[Action item]: Your answer must be the exact lines below, starting with the line with "Premium Zimmer FabHotel Yashaswi Comforts" and going on through the line with "ヴァンズ(VANS) チェッカーボードスリッポン 初体験リッジモント・ハイ｜写真7", both included, with no pictures.

-- Material provided follows --

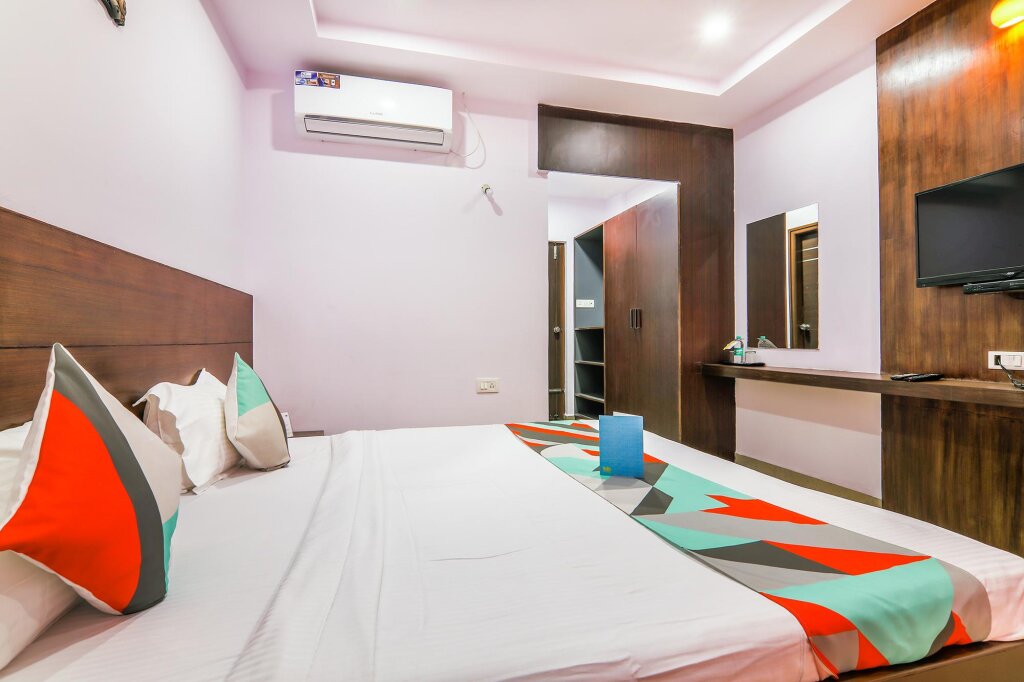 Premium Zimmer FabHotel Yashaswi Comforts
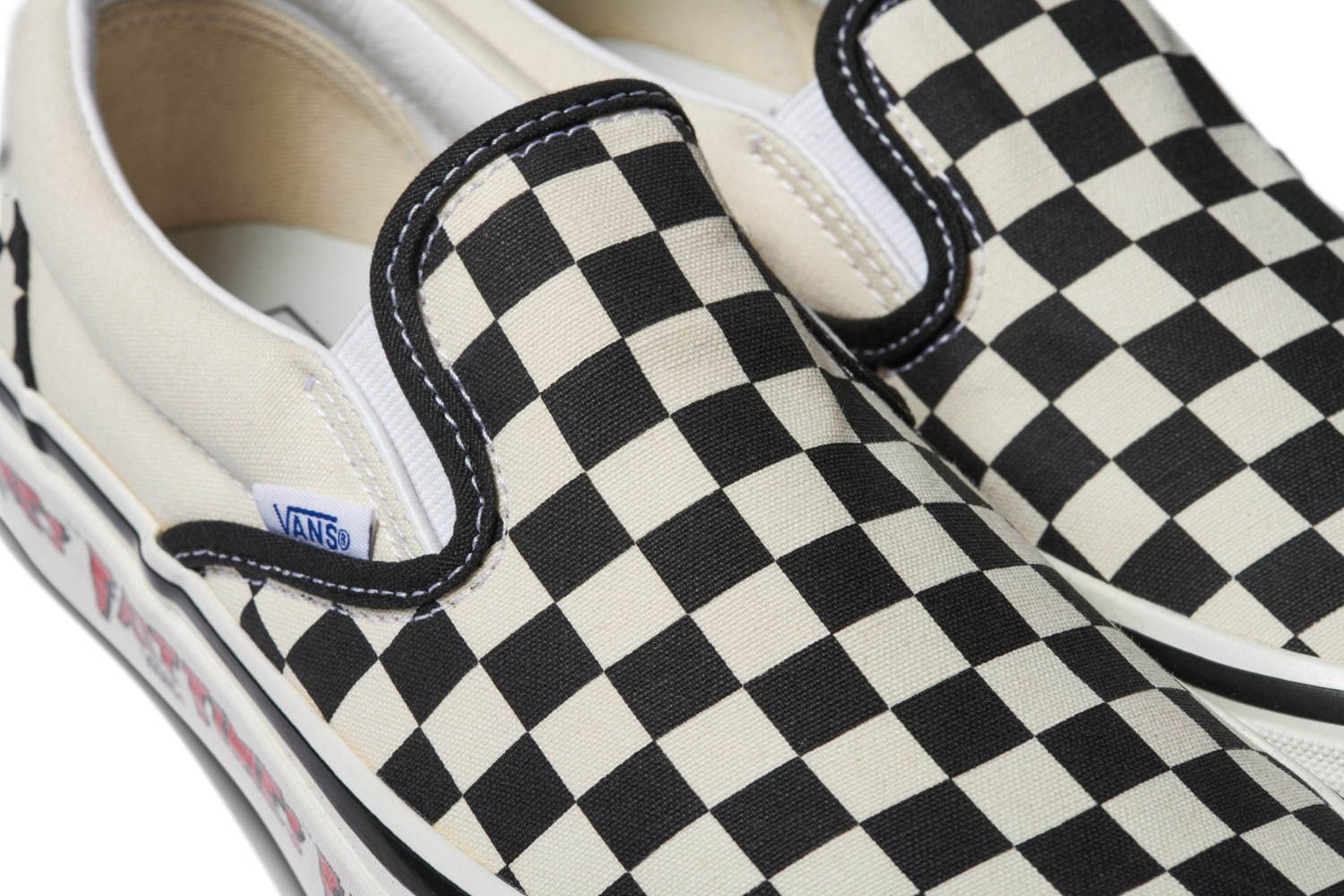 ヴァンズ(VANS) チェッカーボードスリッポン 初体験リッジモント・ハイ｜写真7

-- Material provided concluded --
-- Material provided follows --

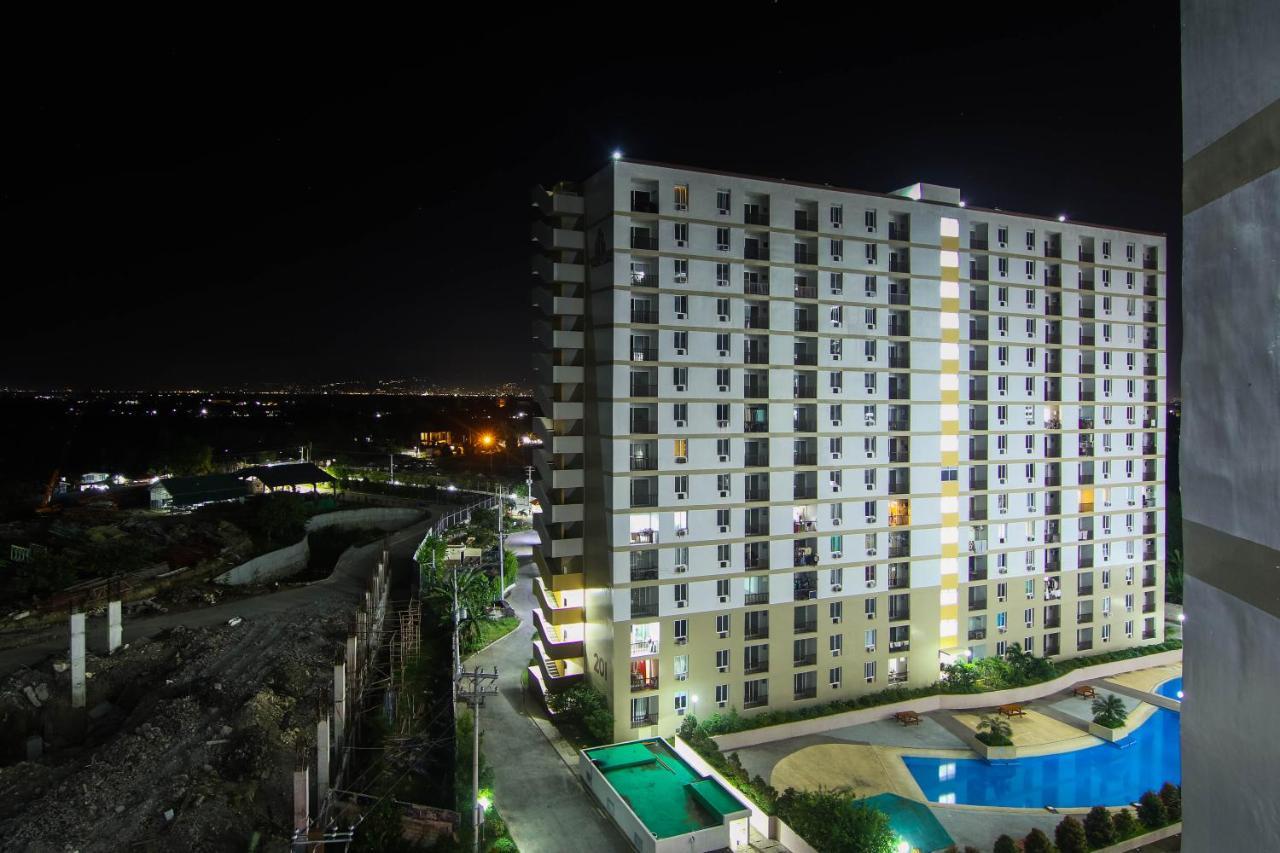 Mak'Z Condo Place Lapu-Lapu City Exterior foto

-- Material provided concluded --

[Expected answer]:
 Premium Zimmer FabHotel Yashaswi Comforts
 ヴァンズ(VANS) チェッカーボードスリッポン 初体験リッジモント・ハイ｜写真7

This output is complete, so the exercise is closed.